God made us each as an expression of His perfect and wonderful love.  How do we reconcile that to the fact that all of us are born faulted.  Particularly, how do we reconcile that to idea that some people face incredible challenges because of birth defects, disability or genetic disease?  This has been highlighted today while I was reading about Autism Speaks video Autism Every Day and some of the reactions to the video.

I will probably write about the film when I have more time.   A good amount of the controversy surrounding the film had to do with its creators who “We are dedicated to funding global biomedical research into the causes, prevention, treatments, and cure for autism; to raising public awareness about autism and its effects on individuals, families, and society; and to bringing hope to all who deal with the hardships of this disorder. We are committed to raising the funds necessary to support these goals.”  A good number of people, myself included, worry about the “biomedical research into causes and prevention” bit.  If by prevention you mean prevention in the Down’s Syndrom sense of prevention  — no thanks.   Aborting children for the sole reason that they might be born autistic is not morally acceptable.  Rachel is as much deserving and entitled to her life as any person and has been since the moment she came to be. 

But, does that mean that I wouldn’t provide her with just about any opportunity to lead a more normal life?  Don’t I want there to be a cure for her? Or is Rachel’s autism something about her that altering it would mean making her someone else? 

Even setting aside the reality that at fifteen, even if you could somehow totally remove autism and have Rachel be completly normal today she would still have a devil of a time catching up with the years of schooling and language that she would have to deal with learning. (note that she can not read) But let’s just say we could magically catch Rachel up with this miracle cure too.  Would we want to do it?   Would we want to do it knowing that in way autism defines some of what and who Rachel is?  I think we can only answer yes to this.

And there comes the trick.  We love Rachel as she is, but we can also see the dreadful issues that autism causes for her.   While she is mostly happy with her life there are undeniable struggles for her because of her disability.  One of the things I find most offensively obnoxious when reading on autism forums and boards is those who are diversity/disability activist in the sense that they focus not on the disability of autism as being a profound issue limiting their social interactions, chance to form meaningful relationships or even care for themselves as adults, but on the diversity that autism is.  They view autism as something which sets them apart, but also a critical aspect of who they are.   Which is true.  But when you are reading and posting on a forum and berating parents like myself who are here hoping to find something which will allow their children to do things like learn to read and write and communicate their feelings then something seems off.   We aren’t trying to “fix” individuals on the autism spectrum who are functioning in life — supported or independently, we want our children to have that same chance.   That is, I suppose, what offends me.  The idea that I don’t love my child as she is if I want her to have the opportunity to function on a reasonably independent level, in short, if I didn’t wish that she wasn’t autistic, or at least not as severely autistic.
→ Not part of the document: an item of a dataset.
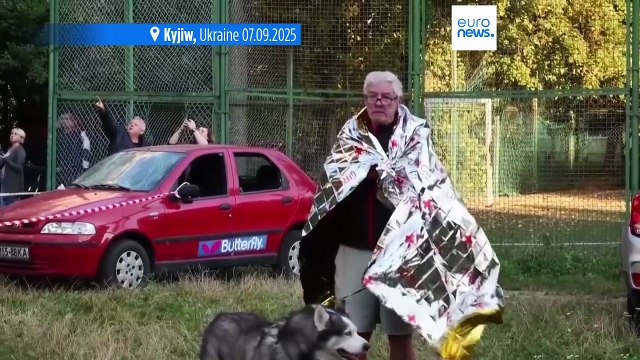 Heftige Angriffe auf Ukraine: Feuer im Regierungsgebäude, 823 Attacken in einer Nacht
God created Rachel as she is and that is autistic.   There is something about that that is His plan.  Vainly I can look at myself and say, Yes, being Rachel’s mother has changed my outlook considerably.   Or I could look at my children and see that they are more compassionate and tolerant people than I could have hoped they would be otherwise.   But I can also see Rachel in her struggles and her happiness which are different from her typical peers in many ways, but still similar.   But I can not, as her mother, wish that she wasn’t so profoundly affected by autism.  Some of this is selfishness on my part, but great deal of it is completely focused on Rachel.    It is even more true as she enters into adulthood and I am faced with the inevitable concerns that she can not adequately communicate her wants and needs in a way that others can help her achieve them.   Is it wrong to wish that Rachel could be other than how she was born? To wish that she wasn’t autistic.

I have to think not.   I think there is often a confusion about between the soul and the mind.  We judge too much on a persons mental capacity and most specifically on their ability to communicate,  even sadly with regards to spiritual things.  I was far more guilty of this before I had Rachel than I am now, but I still find myself occasionally slipping into this mindset.  But that begs the question, “Is someone’s worth based on their intelligence?”  We have to say no to this.   There is more to the person than the way their brain functions.  A tragic accident or disease which damaged someone’s mind doesn’t make them a different soul, it would only alter the function of that particular organ.   Which is why I don’t think Rachel would elementally be a different person if the autism-cure-fairy showed up and made her “normal”.  What I love about Rachel is no more her autism than my love for any of my children is based on their strengths or weaknesses.  I love her for who she is with autism or without.  For her own ease of life I wish she didn’t have to deal with autism but we all deal with what we are given both our blessing and our challenges.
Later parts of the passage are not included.